Material shown:
# # # # #

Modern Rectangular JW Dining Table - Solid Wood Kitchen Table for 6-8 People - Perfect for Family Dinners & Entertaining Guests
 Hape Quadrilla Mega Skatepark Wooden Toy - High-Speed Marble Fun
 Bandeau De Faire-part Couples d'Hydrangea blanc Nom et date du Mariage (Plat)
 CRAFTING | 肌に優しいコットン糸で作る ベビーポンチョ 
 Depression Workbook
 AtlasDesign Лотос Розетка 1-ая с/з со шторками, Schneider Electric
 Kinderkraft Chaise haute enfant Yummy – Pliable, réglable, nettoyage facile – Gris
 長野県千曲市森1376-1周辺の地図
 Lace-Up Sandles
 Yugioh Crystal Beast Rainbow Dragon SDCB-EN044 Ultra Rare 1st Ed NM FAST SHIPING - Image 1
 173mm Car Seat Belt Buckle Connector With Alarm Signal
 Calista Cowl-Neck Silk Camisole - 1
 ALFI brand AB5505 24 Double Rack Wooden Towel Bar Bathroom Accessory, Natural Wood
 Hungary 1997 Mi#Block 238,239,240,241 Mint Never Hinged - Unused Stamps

# # # # #

Retype the material in full. Keep every character as it is.

Answer section:
Modern Rectangular JW Dining Table - Solid Wood Kitchen Table for 6-8 People - Perfect for Family Dinners & Entertaining Guests
 Hape Quadrilla Mega Skatepark Wooden Toy - High-Speed Marble Fun
 Bandeau De Faire-part Couples d'Hydrangea blanc Nom et date du Mariage (Plat)
 CRAFTING | 肌に優しいコットン糸で作る ベビーポンチョ 
 Depression Workbook
 AtlasDesign Лотос Розетка 1-ая с/з со шторками, Schneider Electric
 Kinderkraft Chaise haute enfant Yummy – Pliable, réglable, nettoyage facile – Gris
 長野県千曲市森1376-1周辺の地図
 Lace-Up Sandles
 Yugioh Crystal Beast Rainbow Dragon SDCB-EN044 Ultra Rare 1st Ed NM FAST SHIPING - Image 1
 173mm Car Seat Belt Buckle Connector With Alarm Signal
 Calista Cowl-Neck Silk Camisole - 1
 ALFI brand AB5505 24 Double Rack Wooden Towel Bar Bathroom Accessory, Natural Wood
 Hungary 1997 Mi#Block 238,239,240,241 Mint Never Hinged - Unused Stamps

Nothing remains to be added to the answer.